Welcome to my crazy world of real food cooking ...

Eat Food. Not too much. Mostly Plants. -- Michael Pollan

I wish I could take credit for that because I think it sums up how we should eat. Simply -- eat stuff that really is food, instead of stuff that is food like substance. The supermarket is almost entirely food-like-substances, and, my friends, you should probably never ever eat them.

Fortunately, there is a world of deliciousness out there, and it can all be had in a way that not only doesn't harm your health, but in a way that benefits you hugely.

I think it's important to eat stuff that satisfies you, that keeps your blood sugar stable, and that gives you stuff your body really needs to run optimally.

But baby, it's gotta taste good.

I really like getting experimental in the kitchen.
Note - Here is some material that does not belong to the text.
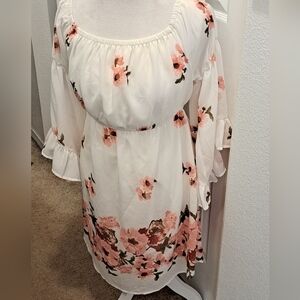 Hint Of Blush Floral Dress Size S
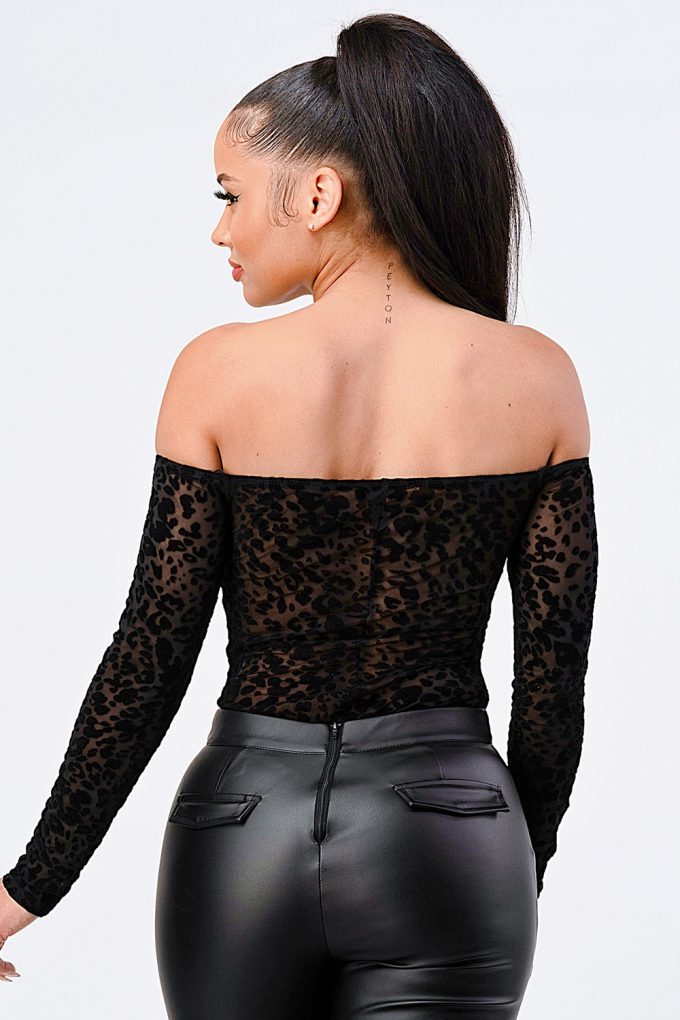 Leopard Print Off Shoulder Bodysuit by Royal Closet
I love cooking, I love layering flavours, and I love coming up with really super yummy food. I have very strong opinions about what constitutes food, and there are a lot of things I won't touch in the kitchen. Bottom line? Pretty much everything I make is ridiculously good for you even if it tastes decadent. Although there are occasional big fat cheats ... but even those stick to real food, my friends.

For food that is usual gluten free, usually free of cane sugar, usually super low on the glycemic index, full of protein, fiber, flavour, and excellent energy, join me and Alice down the rabbit hole.

Every recipe on this blog is my own original effort and idea, so please pass 'em on, giving credit where credit is due.

Many thanks, and come back often. I'm really glad you are here!

:)

Saturday, 14 January 2012

Honey Cookies with hemp flour and lotsa seeds

Mama got a brand new batch of hemp flour. It's good stuff. Be prepared, I warn you, for some recipes featuring this quite fabulous ingredient.

For cookies that are gluten free and high in protein, you can give these a whirl.






ingredients:

1/4 cup extra virgin coconut oil
1/2  cup unpasteurized honey
1 tbsp apple cider vinegar
2 eggs

1/2 tsp sea salt
2 tsp ground vanilla bean
1 tsp cinnamon

1/4 cup chia seeds
1 cup flax meal
1 cup shredded coconut

1/2 tsp baking soda
1/2 cup hemp flour
1 1/2 cups almond flour


directions:

preheat the oven to 345

1.  combine the ingredients in the order listed
2. drop by spoonful on a lined baking sheet
3. flatten with a wet fork
4. bake at 345 for 14-16 minutes
5. store when fully cool in an airtight container

These might disappear from the cooling rack when your back is turned.